◆ What you are asked to do:
With pictures left out, output exactly the lines from the line holding "Μπαλκόνι ή βεράντα" through the end of the data, both included.

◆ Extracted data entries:
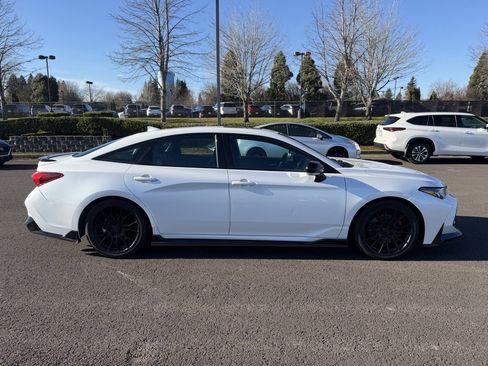 Used 2020 Toyota Avalon TRD image 9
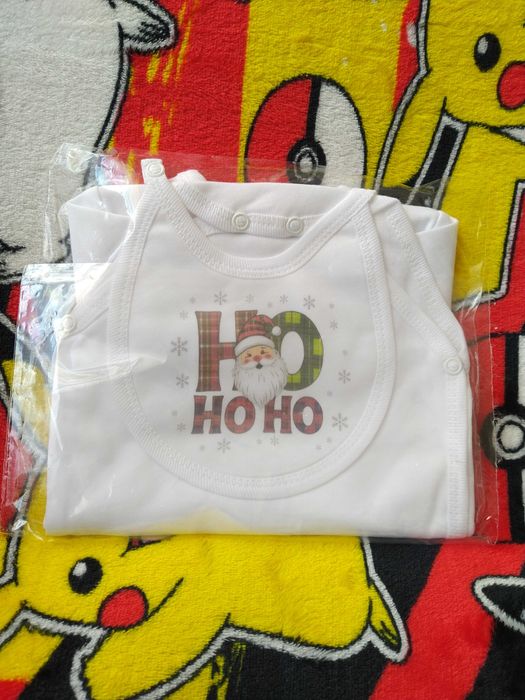 Conjunto Body + babete alusivo ao Natal, lindo para bebé.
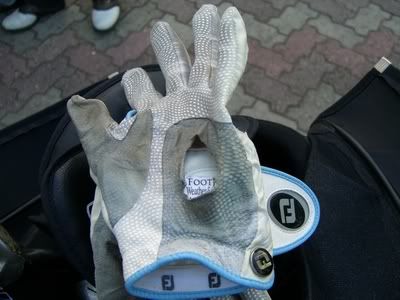 Gloves with a hole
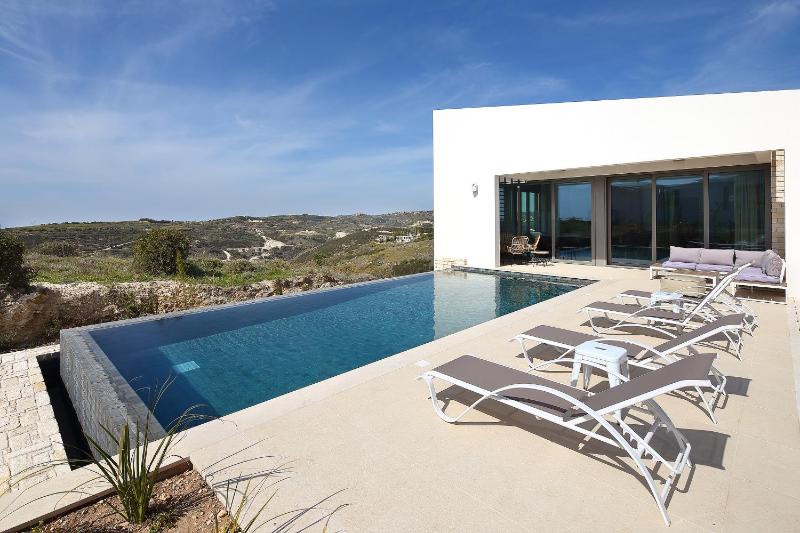 Petra Residence image 1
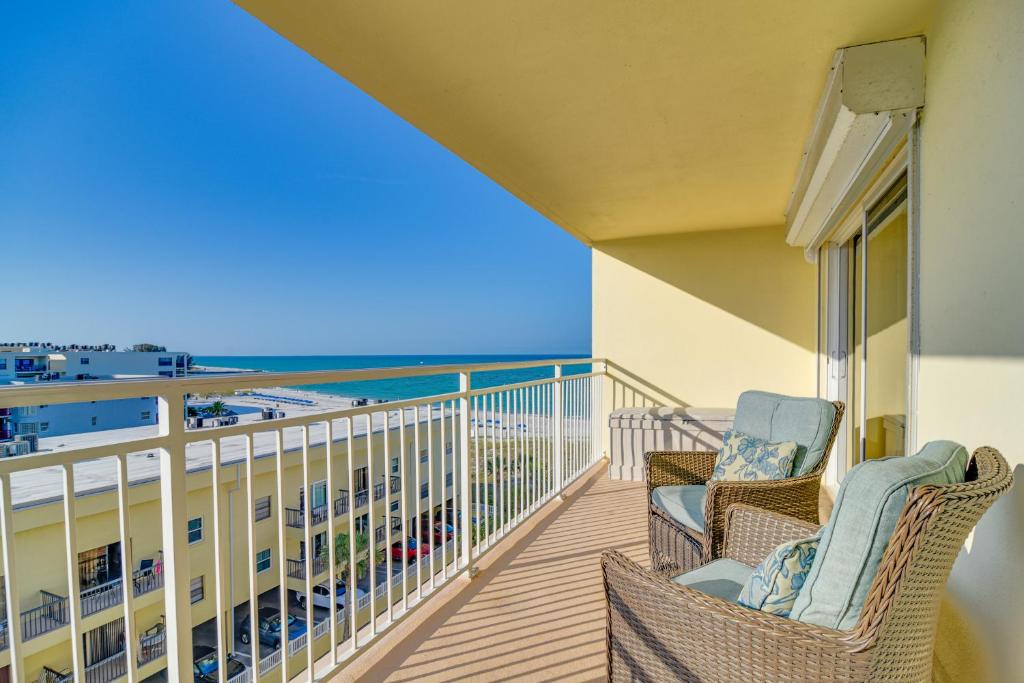 Μπαλκόνι ή βεράντα στο Waterfront Condo with Patio and Pool on Madeira Beach!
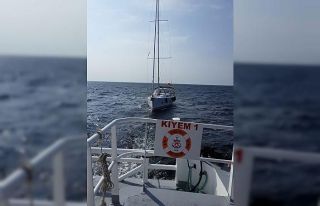 Yardım talebinde bulunan yelkenli tekne marinaya...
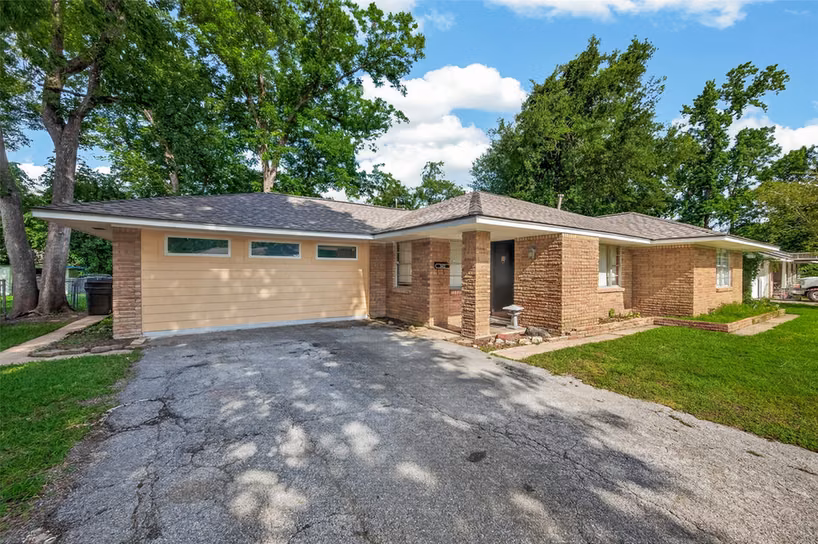 Photo 3 of 3402 Cameo Drive, Houston, TX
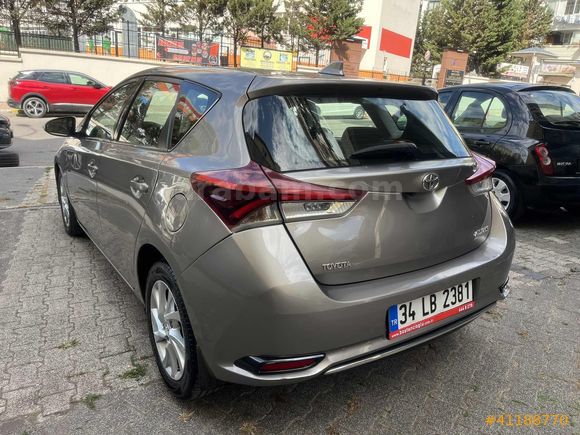 TOYOTA AURİS İLK ELDEN YETKILI SERVIS BAKIMLI 145 000 KM ORJINAL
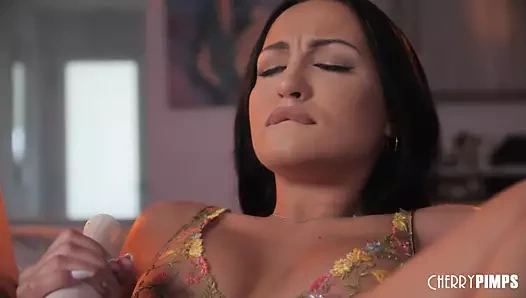 Doğal büyük memeli Mila Monet amcığı yalanmadan önce ısınmak için vibratörünü kullanıyor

◆ Output for this task:
 Μπαλκόνι ή βεράντα στο Waterfront Condo with Patio and Pool on Madeira Beach!
 Yardım talebinde bulunan yelkenli tekne marinaya...
 Photo 3 of 3402 Cameo Drive, Houston, TX
 TOYOTA AURİS İLK ELDEN YETKILI SERVIS BAKIMLI 145 000 KM ORJINAL
 Doğal büyük memeli Mila Monet amcığı yalanmadan önce ısınmak için vibratörünü kullanıyor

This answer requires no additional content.